A Better Angel by Chris Adrian
(2008, Farrar, Straus & Giroux)
Adam Reger
Chris Adrian has an interesting biography. He wrote his second novel, The Children’s Hospital (2006), while he completed his pediatric residency. Working as a pediatrician, Adrian enrolled in Harvard Divinity School, where he wrote many of the stories collected in A Better Angel. Adrian’s old teacher, Marilynne Robinson, blurbs for him this way: “Chris Adrian’s life is a dedicated exploration of the things that matter most, and his writing is his companion and interlocutor . . . as he travels a landscape not before seen by other eyes.”

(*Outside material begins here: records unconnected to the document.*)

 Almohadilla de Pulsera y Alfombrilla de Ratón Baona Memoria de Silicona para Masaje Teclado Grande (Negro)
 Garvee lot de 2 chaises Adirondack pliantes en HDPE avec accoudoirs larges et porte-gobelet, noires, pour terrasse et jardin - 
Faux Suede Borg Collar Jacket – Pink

Whether you consider this statement hyperbole will depend on your reading of Adrian’s stories, which share common threads of violence, grief, and the mystical. In “The Changeling,” a father exorcises a demon (actually, approximately three thousand tormented souls; more on that later) from his son by burning and cutting himself. The protagonist of “Stab” hopes to rejoin his dead brother by murdering ever-larger creatures. The title story dramatizes a drug-addicted doctor’s squandered potential by detailing his defiance of the angel who has followed him since childhood, prophesying his greatness.

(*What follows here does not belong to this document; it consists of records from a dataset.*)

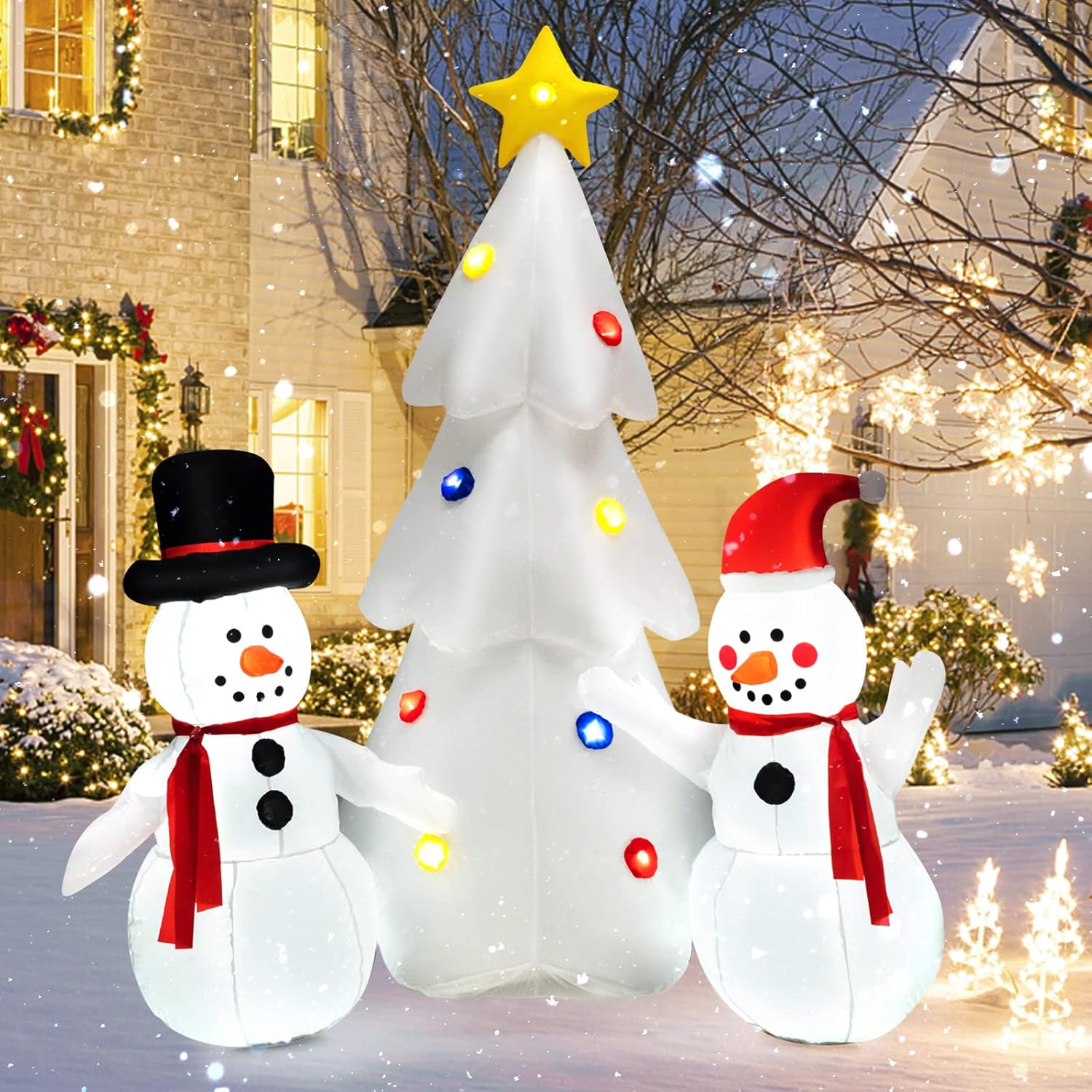 Amazon.com: Tangkula 6FT Inflatable Christmas Tree & Snowman Decoration ...
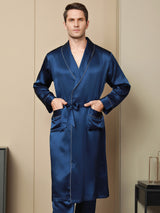 [Dark Blue] SilkSilky-AU Pure Silk Long Sleeve Lapel Men's Dressing Gown 001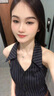 凱安尼（KAIANNI）無袖v領掛脖條紋連衣裙女夏季腰帶百褶裙短裙排扣a字裙子 藏藍色+腰帶 S 曬單實拍圖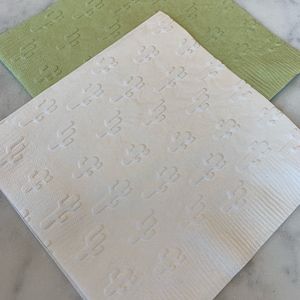 Mini Cactus/Desert/Fiesta/Taco (all over)  Hand Embossed Beverage/Cocktail/Dessert Napkins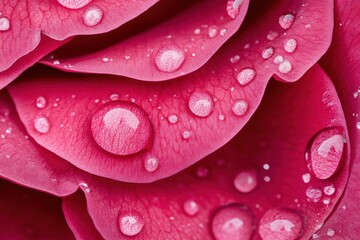 Fototapeta premium Close-up of dewdrops glistening on maroon rose petals showcasing vibrant colors and delicate textures in soft natural light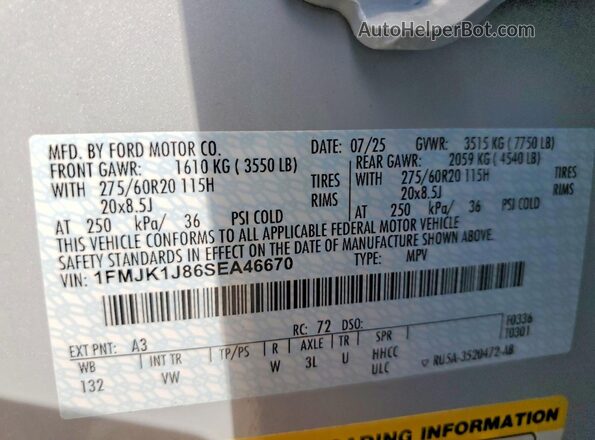 1FMJK1J86SEA46670 2025 FORD EXPEDITION Серый Панорамный вид салона 360°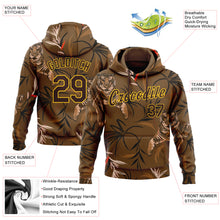 Laden Sie das Bild in den Galerie-Viewer, Custom Stitched Brown Yellow 3D Pattern Design Tiger And Plants Sports Pullover Sweatshirt Hoodie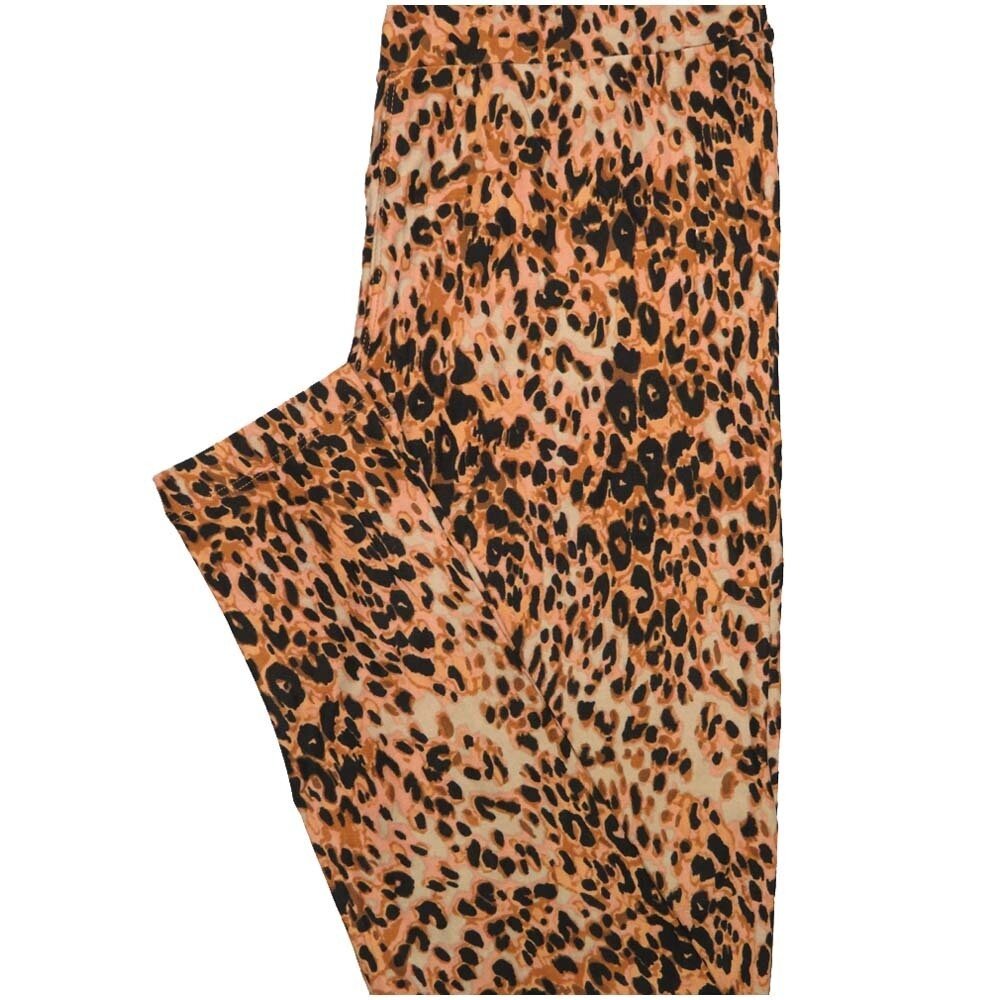 LuLaRoe One Size OS Cheetah Print Beige Brown Black Buttery Soft Leggings - OS fits Adults 2-10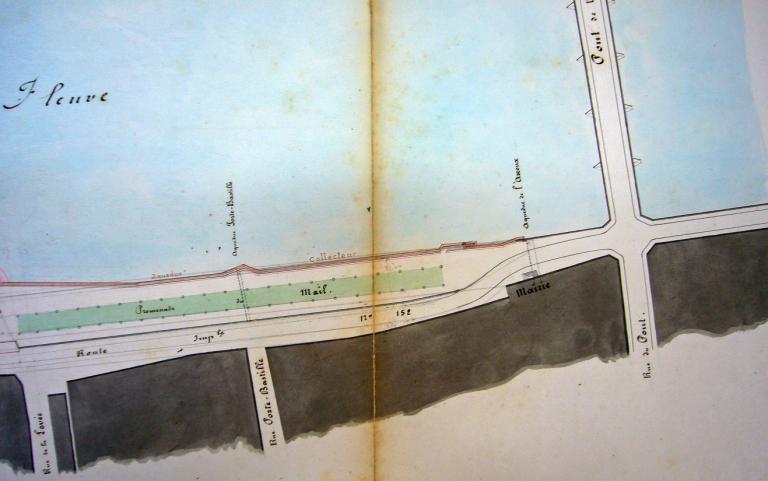 Défense de la ville contre les inondations de la Loire, projet des travaux à exécuter, situation des aqueducs collecteurs, par l'ingénieur ordinaire Jollois, 27 avril 1860. Détail sur le Mail. (archives départementales du Loir-et-Cher, 3 S 331).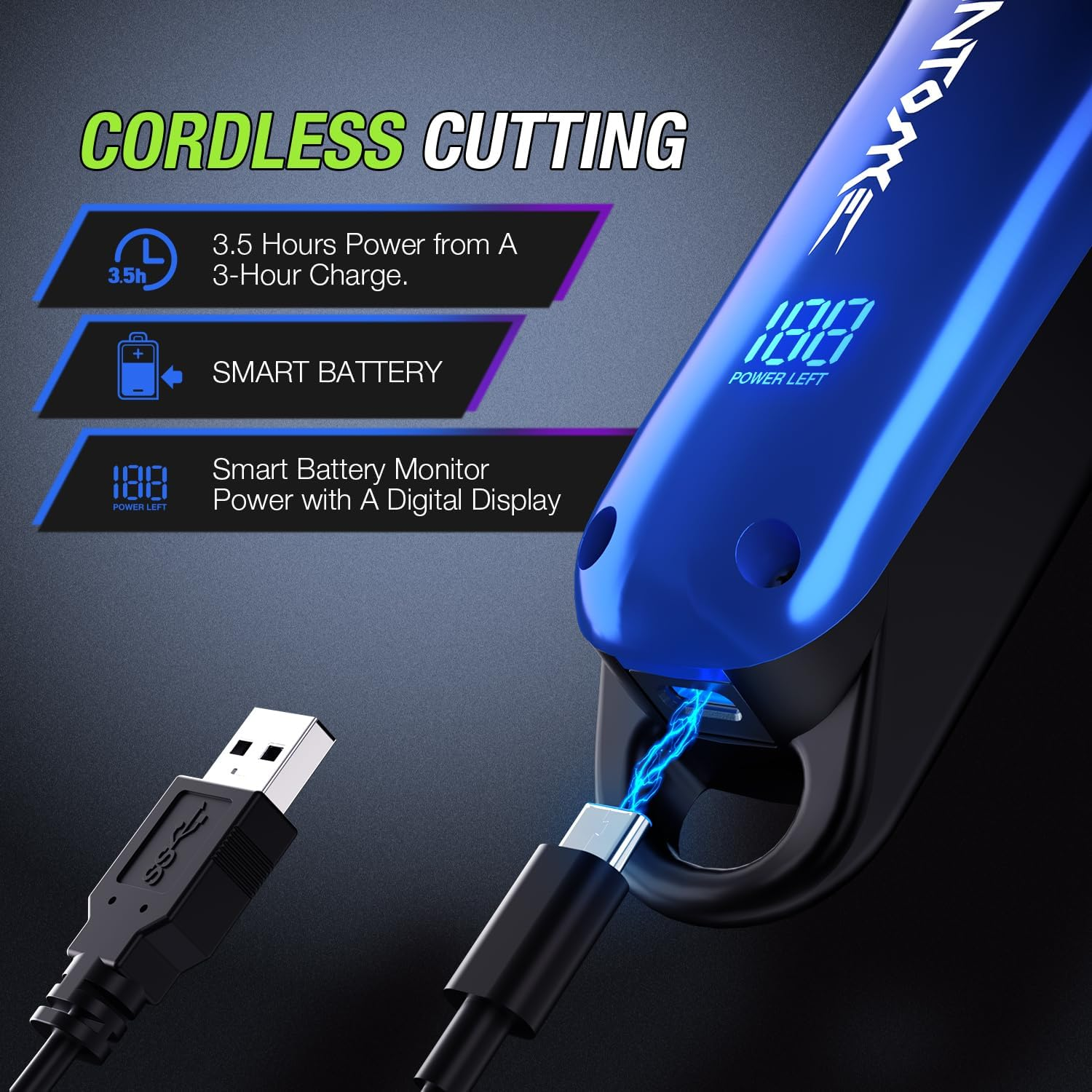 SUPRENT Hair Clippers for Men Professional - 7000 RPM Powerful Cordless Hair Clippers with Ceramic Taper Blade, Zero-Gapped Barber Clippers Set - Type C Rechargeable, Fashion Gifts for Men image number 1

The question with Adrian’s work is whether the darkness and grand scale of plots like these transcend the form and conventions of the short story. If you are inclined to believe that the father in “The Changeling” is sacrificing himself to appease the spirits that haunt his child—that this is not mere metaphor, or mental illness—you will find much of A Better Angel affecting, even revelatory. If that ending sounds like a standard-issue climax with the volume cranked up, you may find these stories a little arch, maybe even ridiculously so.

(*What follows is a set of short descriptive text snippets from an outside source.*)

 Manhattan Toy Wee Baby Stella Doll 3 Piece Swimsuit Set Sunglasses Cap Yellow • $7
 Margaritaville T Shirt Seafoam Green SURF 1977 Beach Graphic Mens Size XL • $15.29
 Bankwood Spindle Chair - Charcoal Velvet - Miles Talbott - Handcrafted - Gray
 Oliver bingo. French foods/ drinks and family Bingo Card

A number of the stories in A Better Angel deal explicitly with the September 11 terrorist attacks, casting the spectacular horror of that event in spiritual terms. In “The Changeling,” the narrator’s possessed son speaks with the voice of the 9/11 dead–yes, all of them. In “The Vision of Peter Damien,” images of falling people, immense silver “angels,” and burning towers afflict the children of a small Ohio town at least a century before the morning of the attacks. And in the collection’s strongest and most hair-raising story, “Why Antichrist?” a man who has died in the World Trade Center uses a Ouija board to tell the narrator that he is—you guessed it—the antichrist. Among Adrian’s great strengths is the ability to sell conceits like this one without winking at the audience or falling into self-indulgent darkness. “Why Antichrist?” is full of legitimately creepy Ouija messages like “What matters time when time is soon to end?” and “My suffering is great but yours will be greater.” But it’s also, often, disarmingly offhanded: hours after drinking holy water to show that he’s not the antichrist, the narrator reports that “the burning came again, and though I made it to the toilet this time, I had barely finished throwing up before I had to sit down and shoot black blood out of my ass.”
At times, the off-handedness of Adrian’s prose distracts. Seven of the nine stories in the collection are written in the first person, and Adrian occasionally suffers from the flabbiness and weird rhythms that can afflict first-person narratives. In the title story, the narrator says after taking a droplet of morphine that “[i]t was too good, and it made everything too beautiful, not just the angel, whose ugly skin flew off as if blown by a real hurricane wind, so her wings were clean again and her naked face and body were open and compassionate.”
Even so, the reader understands the occasional flat sentence as the price of writing (and reading) stories this ambitious in scope and theme. The stories in A Better Angel begin with images of everyday life, but use those ordinary moments as openings to something larger, something less familiar and less comforting. This is the joy of reading Chris Adrian: the sense that Marilynne Robinson is right, that the writer’s life is a grand and novel journey, and his fiction dispatches from that distant territory.